A vigorous hand wash or shower could cause a person to be less judgmental.
A new study, set for publication in the December issue of the journal Psychological Science, reveals that when a person feels physically clean, he or she cuts others more moral slack.
The findings add to past research that has shown a link between physical warmth and generosity as well as physical chill and social isolation. Other past research has shown that sins seem to nudge people to clean themselves, a phenomenon the researchers dubbed the "Macbeth effect" after the dramatized murderess who tried scrubbing her hands to clean off imaginary blood.
"When we exercise moral judgment, we believe we are making a conscious, rational decision, but this research shows that we are subconsciously influenced by how clean or 'pure' we feel," said lead researcher of the new study Simone Schnall, a psychologist at the University of Plymouth in England. "Take for example the situation of a jury member or voting in an election — if the jury member had washed their hands prior to delivering their verdict, they may judge the crime less harshly."
She added, "Similarly, someone may find it easier to overlook a political misdemeanor had they performed an action that made them feel 'clean' prior to casting their vote."
The results come from two experiments with university students. In the first one, 40 students had to complete 40 scrambled sentence tasks, each involving four words. By underlining any three words, a sentence could be formed. One group of students worked on sentences that included some "clean" words, such as "pure," "washed," "immaculate" and "pristine," while another group read neutral words.
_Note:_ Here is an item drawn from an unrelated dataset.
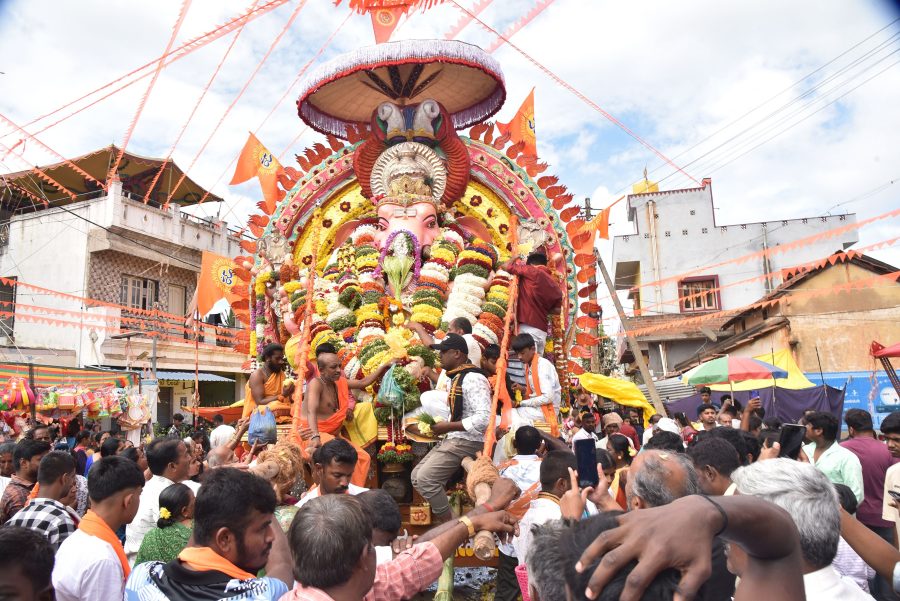 ಗೂಳೂರು ಮಹಾಗಣಪತಿಯ ವಿಸರ್ಜನಾ ಮಹೋತ್ಸವ: ಭಕ್ತಿ–ಸಾಂಸ್ಕೃತಿಕ ಸಂಭ್ರಮಕ್ಕೆ ಸಾಕ್ಷಿಯಾದ ಜನಸಾಗರ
The participants then rated a series of moral dilemmas on a scale ranging from "perfectly OK" to "extremely wrong." The dilemmas included keeping money found inside a wallet, putting false information on a resume, killing a terminally ill plane crash survivor in order to avoid starvation and using a kitten for sexual arousal.
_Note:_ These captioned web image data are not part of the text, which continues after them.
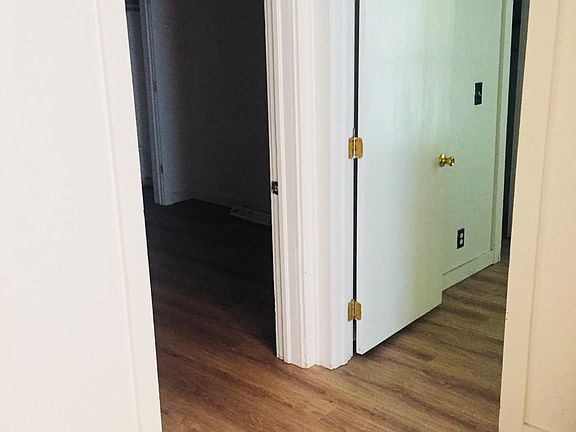 5th image of 818 W Boyd St #B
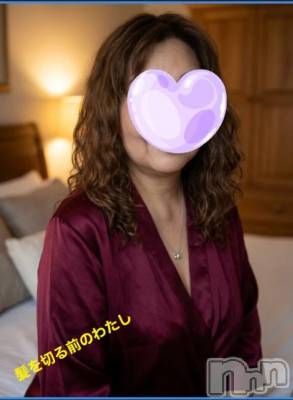 新潟デリヘル 熟女の風俗 最終章(ジュクジョノフウゾクサイシュウショウ) りょう(50)の4月24日写メブログ「昼下がりにふわっと香る、大人の余裕…☀️」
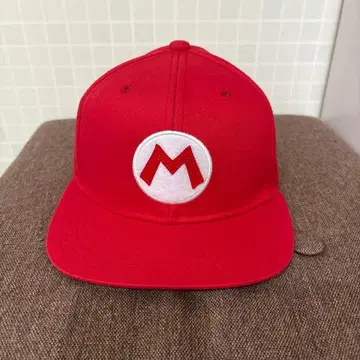 마리오 로고 빨간색 캡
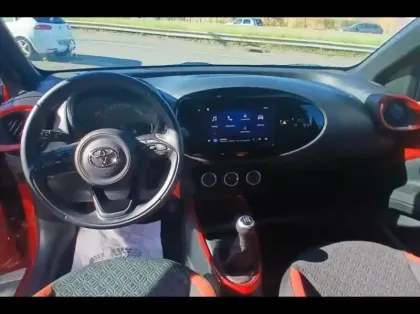 Photo 11 Toyota Aygo  X 1.0 VVT-i 72ch Design MY24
The students who read the clean-word sentences judged such transgressions to be less wrong compared with the other students in the experiment.
In the second experiment, students watched a three-minute clip from the dark drug film "Trainspotting," which had been shown to elicit feelings of disgust. Then, half of the students washed their hands while the others didn't. The students rated the same six moral vignettes as had students in the first experiment. The hand-washers gave less severe ratings to the vignettes than did those who didn't wash their hands.
Schnall said the students who had washed their hands or read about cleanliness likely misinterpreted their physically pure feelings as being about the moral vignette. Her past research showed the same link between disgust and moral judgments.
"If I feel disgusted because I sit at a dirty disgust, and I think about how wrong it is to not return a lost wallet, then I mistakenly think the feeling of disgust is about 'oh that's a disgusting thing to do,' whereas in reality it's coming from the desk," Schnall told LiveScience.
She added, "If I feel clean because I've washed my hands, I think 'well it's not such a bad thing to do,' but that's only because my physical sensation is of the sort."
She hopes to test out the finding with real-life scenarios to see how well it applies.